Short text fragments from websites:
________
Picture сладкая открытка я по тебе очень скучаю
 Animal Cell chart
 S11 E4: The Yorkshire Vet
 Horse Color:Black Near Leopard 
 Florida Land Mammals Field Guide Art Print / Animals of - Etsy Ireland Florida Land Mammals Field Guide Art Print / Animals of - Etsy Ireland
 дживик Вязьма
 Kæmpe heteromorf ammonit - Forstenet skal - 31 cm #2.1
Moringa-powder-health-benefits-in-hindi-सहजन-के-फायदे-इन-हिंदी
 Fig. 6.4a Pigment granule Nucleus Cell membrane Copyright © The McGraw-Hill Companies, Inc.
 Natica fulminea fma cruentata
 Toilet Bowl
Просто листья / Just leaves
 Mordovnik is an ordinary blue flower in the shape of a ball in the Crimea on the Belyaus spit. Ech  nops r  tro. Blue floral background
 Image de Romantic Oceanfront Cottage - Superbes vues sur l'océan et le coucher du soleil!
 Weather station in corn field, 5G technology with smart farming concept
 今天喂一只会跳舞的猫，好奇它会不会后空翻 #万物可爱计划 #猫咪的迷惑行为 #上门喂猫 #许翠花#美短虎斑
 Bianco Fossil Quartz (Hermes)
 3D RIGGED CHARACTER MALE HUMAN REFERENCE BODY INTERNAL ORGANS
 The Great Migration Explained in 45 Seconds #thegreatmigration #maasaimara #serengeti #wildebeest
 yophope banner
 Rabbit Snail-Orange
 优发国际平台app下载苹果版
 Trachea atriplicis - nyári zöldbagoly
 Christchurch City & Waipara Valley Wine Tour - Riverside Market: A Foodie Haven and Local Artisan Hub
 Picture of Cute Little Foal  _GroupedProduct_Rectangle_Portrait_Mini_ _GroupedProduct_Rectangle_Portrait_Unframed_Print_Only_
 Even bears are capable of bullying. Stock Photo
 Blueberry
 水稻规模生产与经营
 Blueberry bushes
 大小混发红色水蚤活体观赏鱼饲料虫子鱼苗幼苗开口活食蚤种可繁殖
________
_Exercise directions:_ All of the records above need to be copied exactly.

_Written answer:_
Picture сладкая открытка я по тебе очень скучаю
 Animal Cell chart
 S11 E4: The Yorkshire Vet
 Horse Color:Black Near Leopard 
 Florida Land Mammals Field Guide Art Print / Animals of - Etsy Ireland Florida Land Mammals Field Guide Art Print / Animals of - Etsy Ireland
 дживик Вязьма
 Kæmpe heteromorf ammonit - Forstenet skal - 31 cm #2.1
Moringa-powder-health-benefits-in-hindi-सहजन-के-फायदे-इन-हिंदी
 Fig. 6.4a Pigment granule Nucleus Cell membrane Copyright © The McGraw-Hill Companies, Inc.
 Natica fulminea fma cruentata
 Toilet Bowl
Просто листья / Just leaves
 Mordovnik is an ordinary blue flower in the shape of a ball in the Crimea on the Belyaus spit. Ech  nops r  tro. Blue floral background
 Image de Romantic Oceanfront Cottage - Superbes vues sur l'océan et le coucher du soleil!
 Weather station in corn field, 5G technology with smart farming concept
 今天喂一只会跳舞的猫，好奇它会不会后空翻 #万物可爱计划 #猫咪的迷惑行为 #上门喂猫 #许翠花#美短虎斑
 Bianco Fossil Quartz (Hermes)
 3D RIGGED CHARACTER MALE HUMAN REFERENCE BODY INTERNAL ORGANS
 The Great Migration Explained in 45 Seconds #thegreatmigration #maasaimara #serengeti #wildebeest
 yophope banner
 Rabbit Snail-Orange
 优发国际平台app下载苹果版
 Trachea atriplicis - nyári zöldbagoly
 Christchurch City & Waipara Valley Wine Tour - Riverside Market: A Foodie Haven and Local Artisan Hub
 Picture of Cute Little Foal  _GroupedProduct_Rectangle_Portrait_Mini_ _GroupedProduct_Rectangle_Portrait_Unframed_Print_Only_
 Even bears are capable of bullying. Stock Photo
 Blueberry
 水稻规模生产与经营
 Blueberry bushes
 大小混发红色水蚤活体观赏鱼饲料虫子鱼苗幼苗开口活食蚤种可繁殖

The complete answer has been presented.